WHAT NEEDS TO BE DONE: Using the data below, output a verbatim copy of the lines between the one holding "AI smart glasses" and the one holding "Ear tag PrimaFlex, size", inclusive, without any pictures.

DATASET RECORDS:
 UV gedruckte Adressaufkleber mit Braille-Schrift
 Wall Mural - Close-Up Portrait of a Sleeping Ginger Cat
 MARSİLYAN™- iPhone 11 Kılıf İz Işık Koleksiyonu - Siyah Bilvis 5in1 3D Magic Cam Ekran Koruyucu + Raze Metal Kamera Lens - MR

---

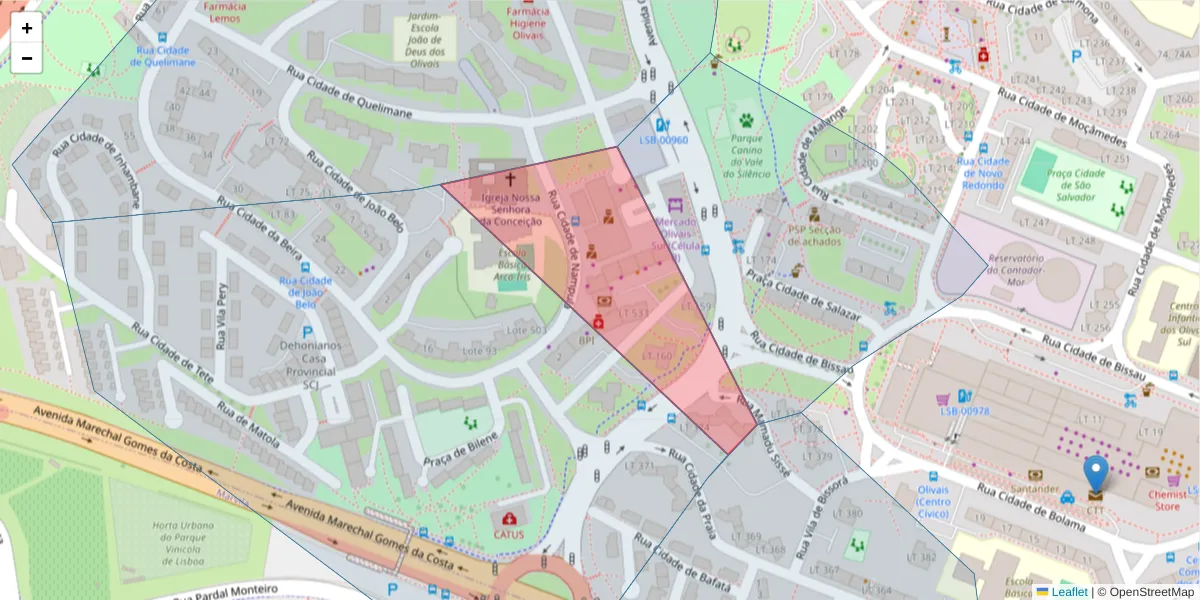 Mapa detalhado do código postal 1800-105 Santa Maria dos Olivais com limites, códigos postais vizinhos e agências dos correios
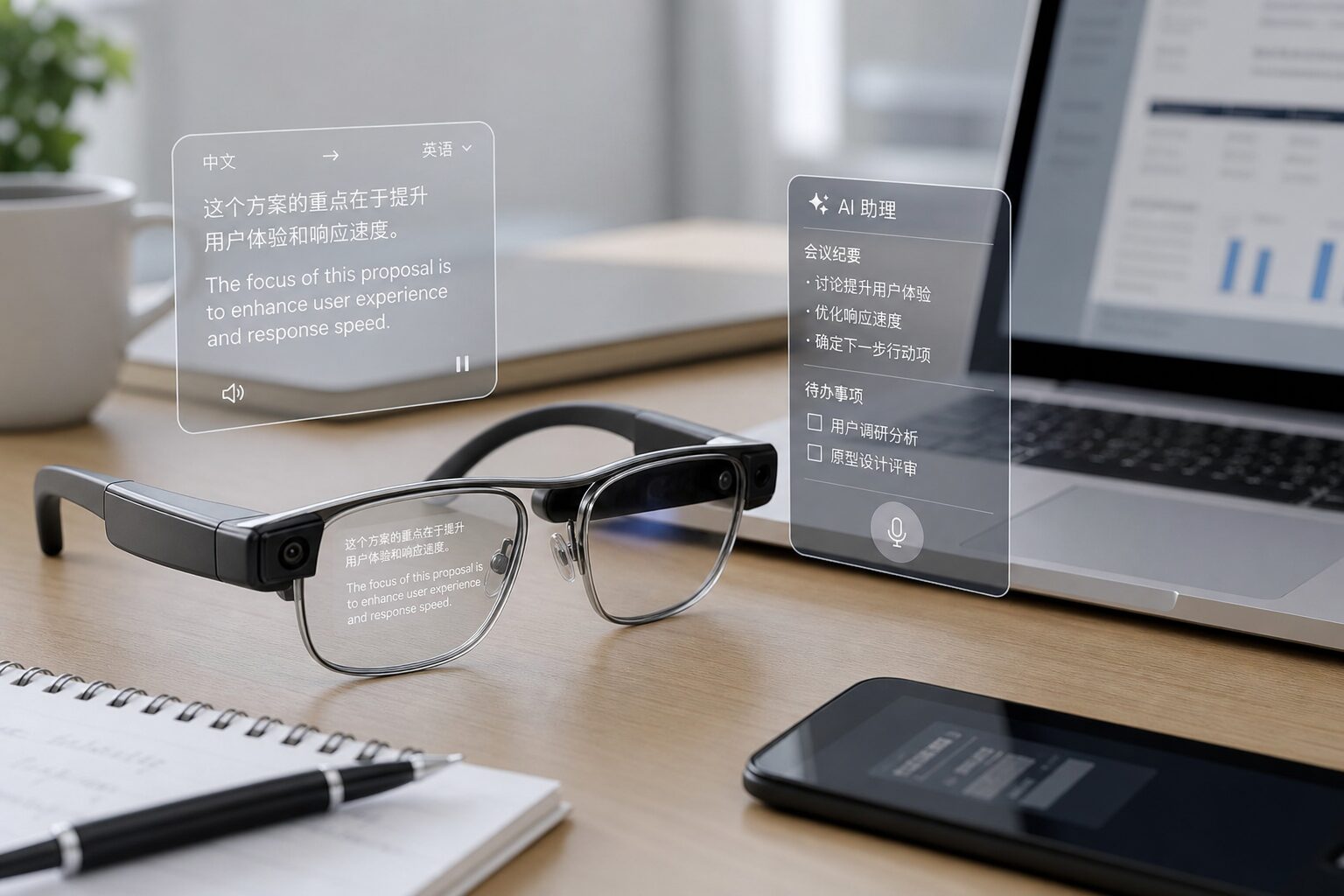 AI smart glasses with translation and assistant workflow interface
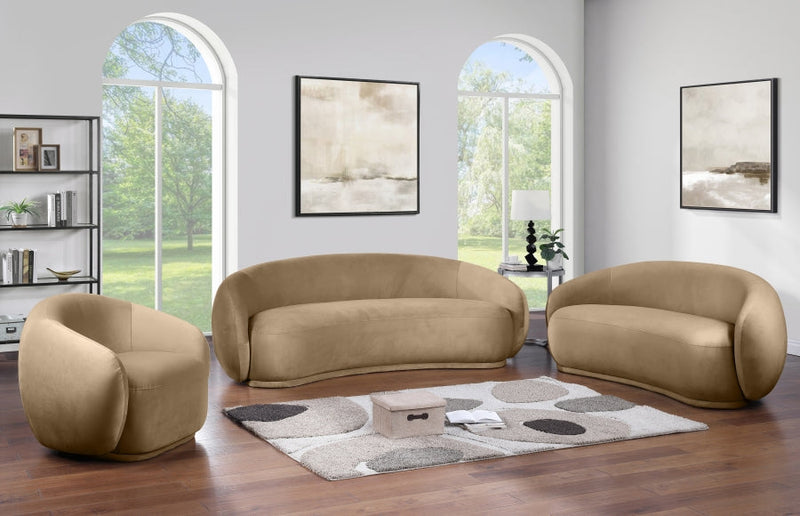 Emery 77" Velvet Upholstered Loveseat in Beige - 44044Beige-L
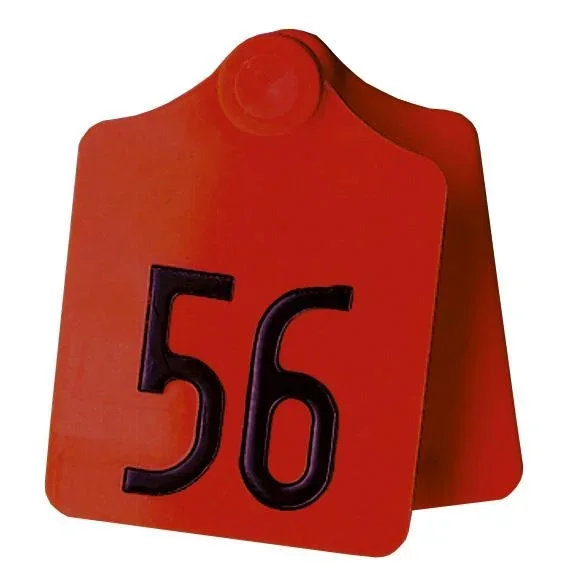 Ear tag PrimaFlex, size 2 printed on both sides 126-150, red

TASK OUTPUT:
 AI smart glasses with translation and assistant workflow interface
 Emery 77" Velvet Upholstered Loveseat in Beige - 44044Beige-L
 Ear tag PrimaFlex, size 2 printed on both sides 126-150, red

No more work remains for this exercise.